Whether you’ve heard the facts or felt the effects for yourself, it’s evident that change is on the horizon socially and economically for Black people.
The entertainment industry has not been left out of the reform storm.
“It’s reform time,” says David "Click" Cox, a music industry consultant working in Toronto. “It’s time to restructure. It’s time to shake things up. It’s time to ignite fires in the future generations to realize that they don’t have to settle for what was given to them. We want to empower ourselves and build infrastructure through what we’re doing.”
The Breaking Down Racial Barriers online conference series (organized by Ian Andre Espinet, a veteran entrepreneur in the Toronto club and event scene and David “Click” Cox, the A&R turned entertainment business consultant behind CLK Creative Works) has been tackling all of the points of tension concerning Black people in creative, corporate, and governmental spaces. The BDRB series is also being broadcast through the Canadian Independent Music Association platform, a partnership that stands as an example of true allyship from non-Black or Indigenous organizations — a point which Espinet emphasizes is determined only by the Black community’s acknowledgment and acceptance.
“People talk about this ‘allyship’ thing all the time. And I’ve been saying throughout the series: you don’t tell us when you’re an ally, we’ll tell you when you’re an ally.”
John Tory’s announcement to fund and uplift Toronto’s Black entertainment professionals with a four year, $2 million plan can be considered a step forward — and it was an effort aligned with Advance, Canada’s Black Music Business Collective, another organization that Click and Ian stand with — but the BDRB sessions will discuss solutions and accountability measures for Canadian organizations to keep pressing forward for lasting change.
“We have a moment,” says Espinet, “where the world’s eyes are on us, so we have to take full advantage of the fact that people are listening and get the point across.”
The 10-week panel discussion series will feature 60 of Canada’s most prominent entertainment industry workers and personalities from radio, television, as well as those working behind the scenes. Speakers include independent artist, writer and designer Ian Kamau, former Flow93.5 FM radio DJ, Alicia “Ace” West, writer and PR professional Dalton Higgins, and the legendary Tony “Master T” Young.

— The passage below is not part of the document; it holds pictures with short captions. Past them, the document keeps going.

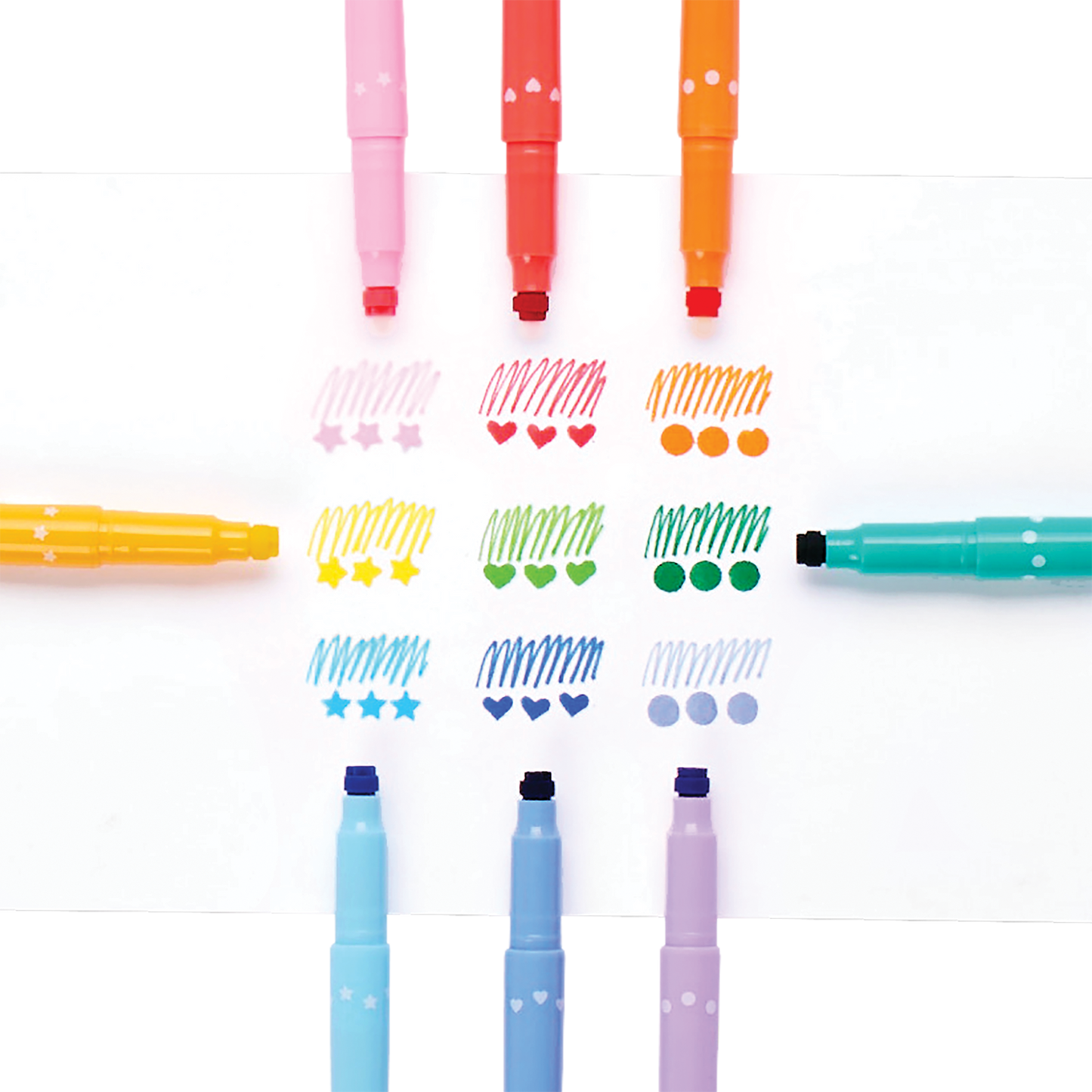 Colored swatches of scribbles and stamps from OOLY Confetti Stamp Double-Ended Markers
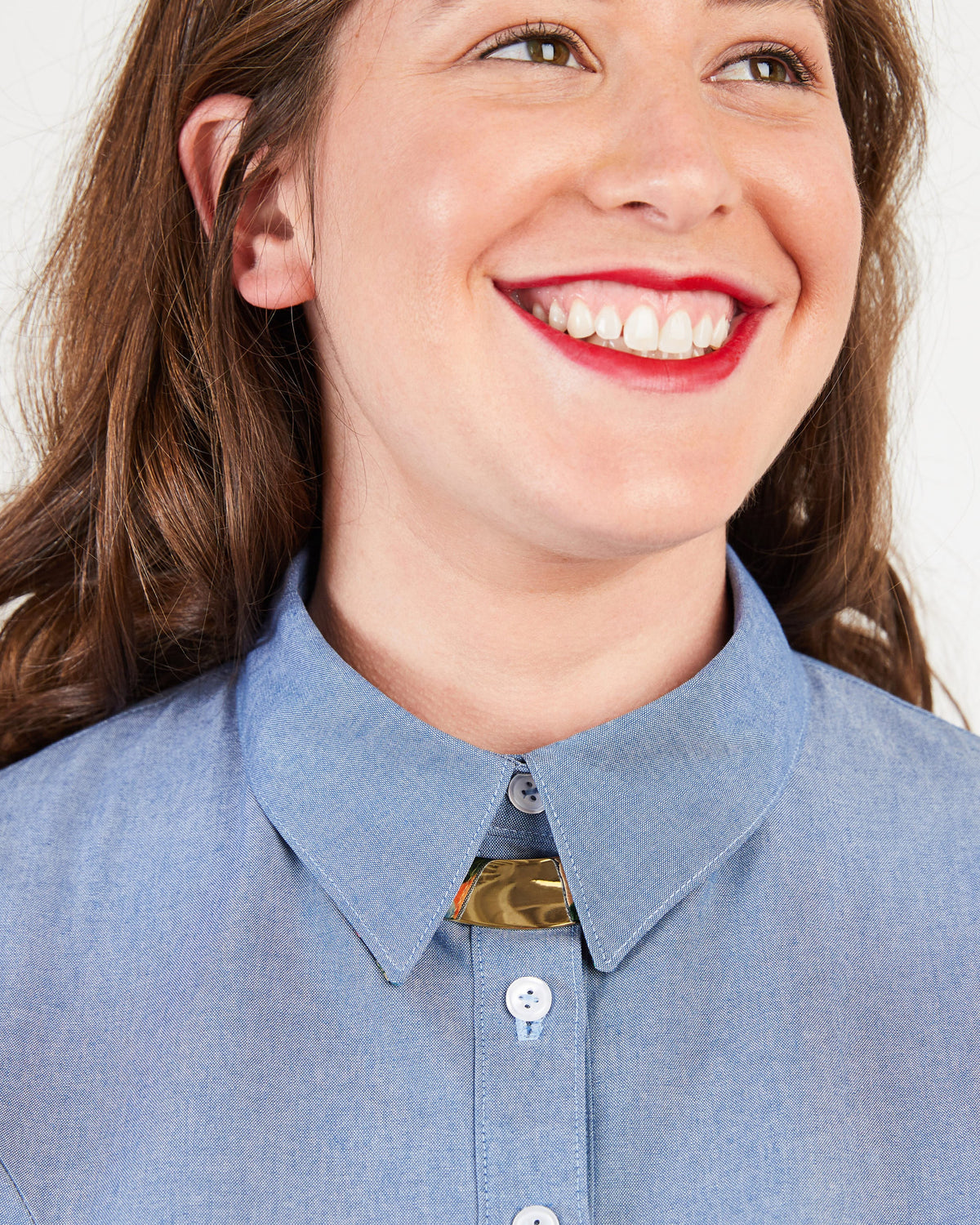 Close-up of a person wearing a blue shirt with a collar. This button-up shirt is the Harrison Shirt sewing pattern from Cashmerette.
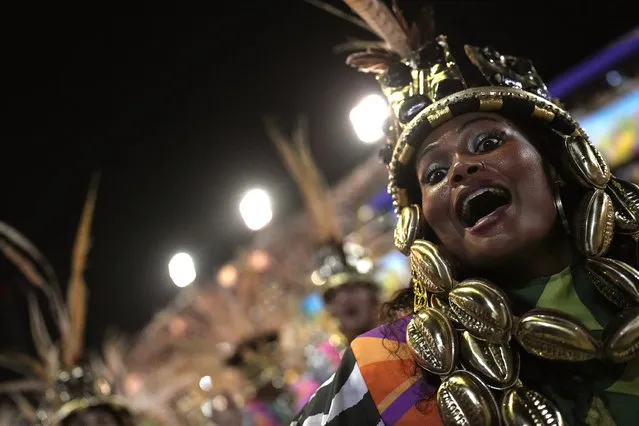 A performer from the Mangueira samba school parades during Carnival celebrations at the Sambadrome in Rio de Janeiro, Brazil, Friday, April 22, 2022. (AP Photo/Silvia Izquierdo)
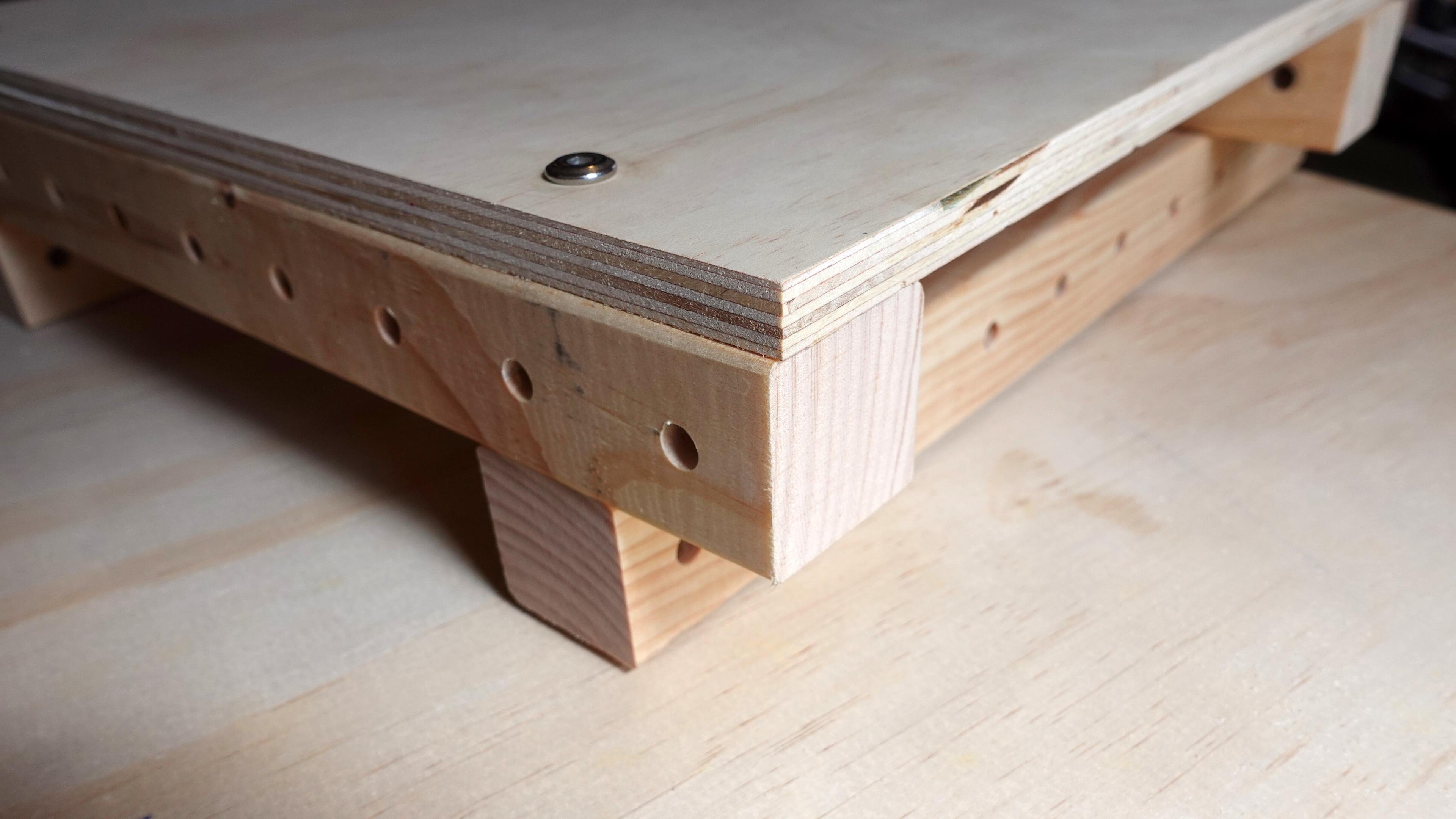 Two wooden beams are joined by a bolt passing through a 12mm panel, with a second beam visible beneath the panel, creating a stacked connection.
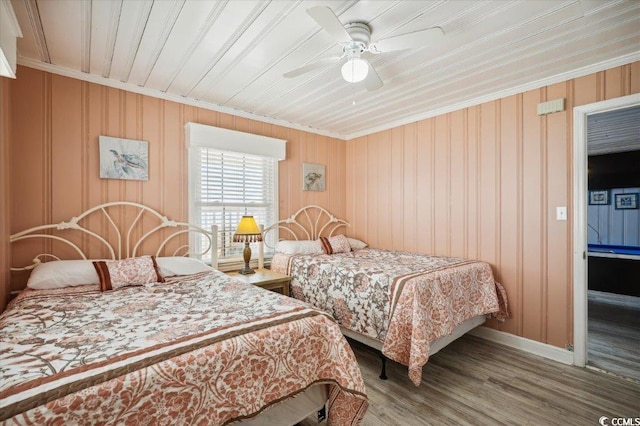 bedroom with ornamental molding, ceiling fan, hardwood / wood-style flooring, and wood ceiling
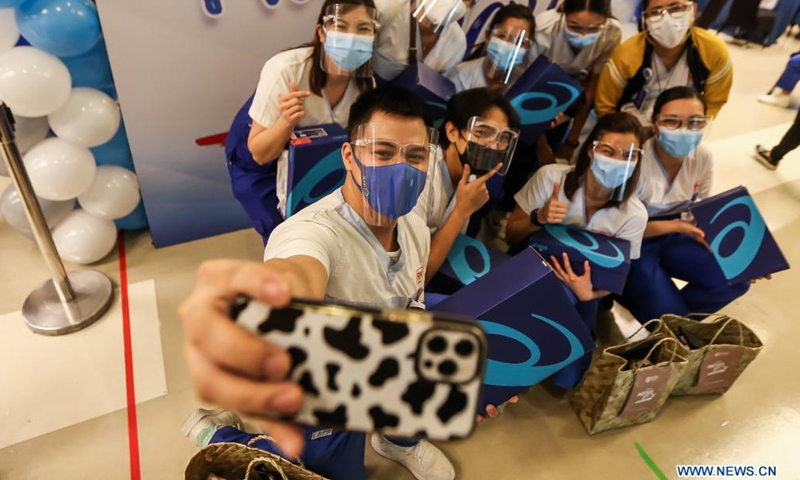 Nurses wearing protective masks take a group photo during an event named nurses community pantry inside a hospital in Manila, the Philippines on May 12, 2021.(Photo: Xinhua)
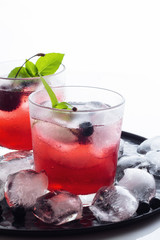 Red drink with basil and berries. © ytochka89
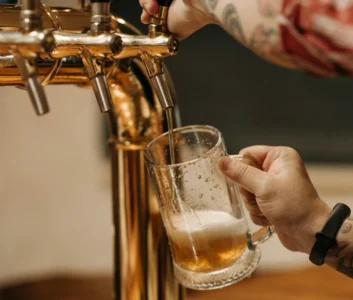 Рука бармена, наливающего пиво в стакан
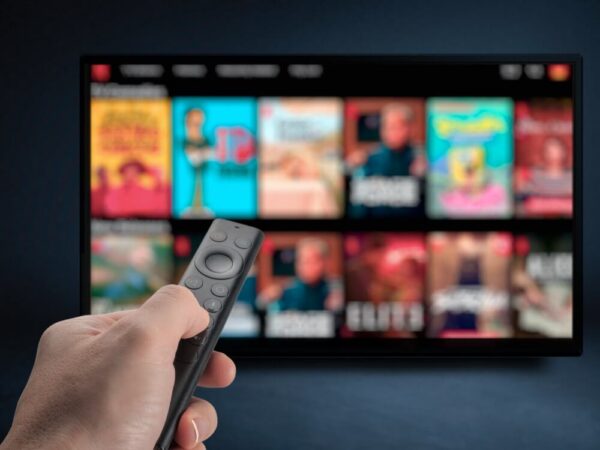 hand holding remote control pointing at streaming TV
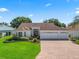 Charming single-story home with a well-manicured lawn, brick driveway, and three-car garage at 17427 Se 72Nd Overbrook Ct, The Villages, FL 32162
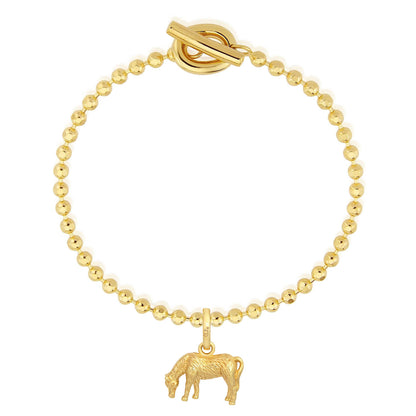 Gold bracelet with a cow charm on a white background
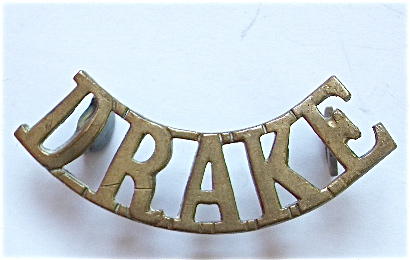 DRAKE WW1 RND (Royal Naval Division) brass shoulder title.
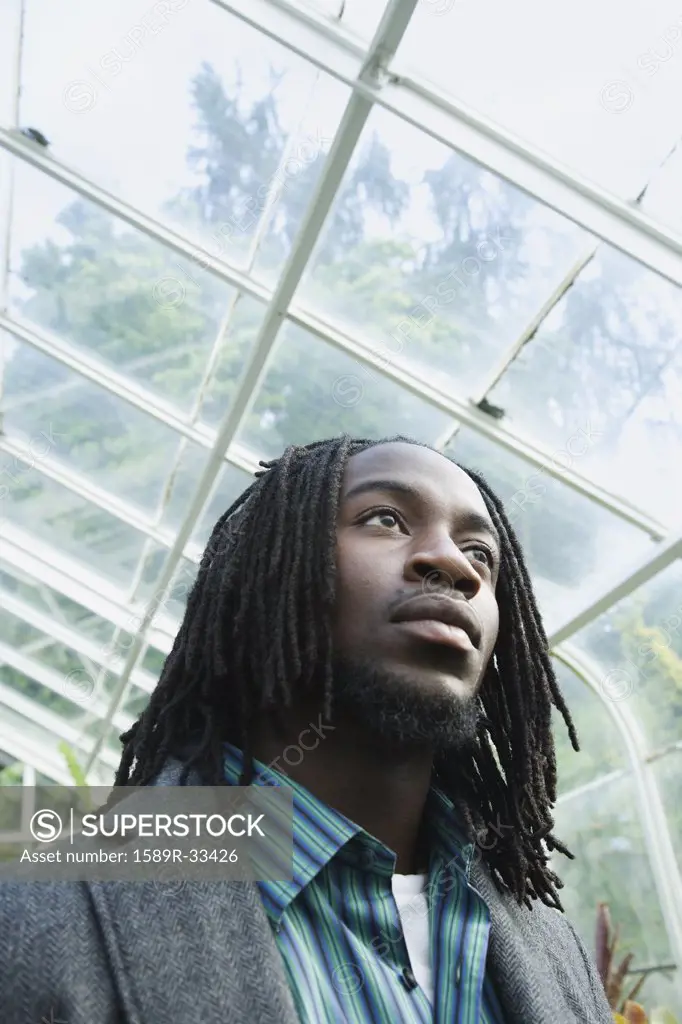 Low angle view of African man in greenhouse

With five episodes of the series already a wrap, the influence has been speaking to the experience of Blacks not only within hot spots like Vancouver, Toronto or Montreal but also extensions of the community living in Canadian cities where the racism toward Black people is much more overt. Blacks living in P.E.I., Calgary, and Nova Scotia have been noted in the BDRB email inbox with messages like “Yo, we’re watching” and “this is giving us hope to fight” after hearing that Black people are facing the same systemic struggles wherever we touch down in Canada.
“A full 10-week series tied to tackling anti-Black racism in the music & entertainment industry is quite monumental and pretty unprecedented,” says Higgins, who moderated episode 1 of the series. “Usually organizations conduct one panel discussion and hope that it can help solve all that ails the Black music community in Canada. We'll be collecting all of the observations and information shared over the 10 weeks and producing a report. Once you've collected all of the hard evidence on how anti-Black racism impacts the day-to-day navigations of Black artists/managers/marketers/A&R's, then you can use that data to help dismantle the racist structures that left you in that position to begin with!"
The next episode happens September 15 2020 and will focus on Record Labels, Streaming Companies & Industry Associations.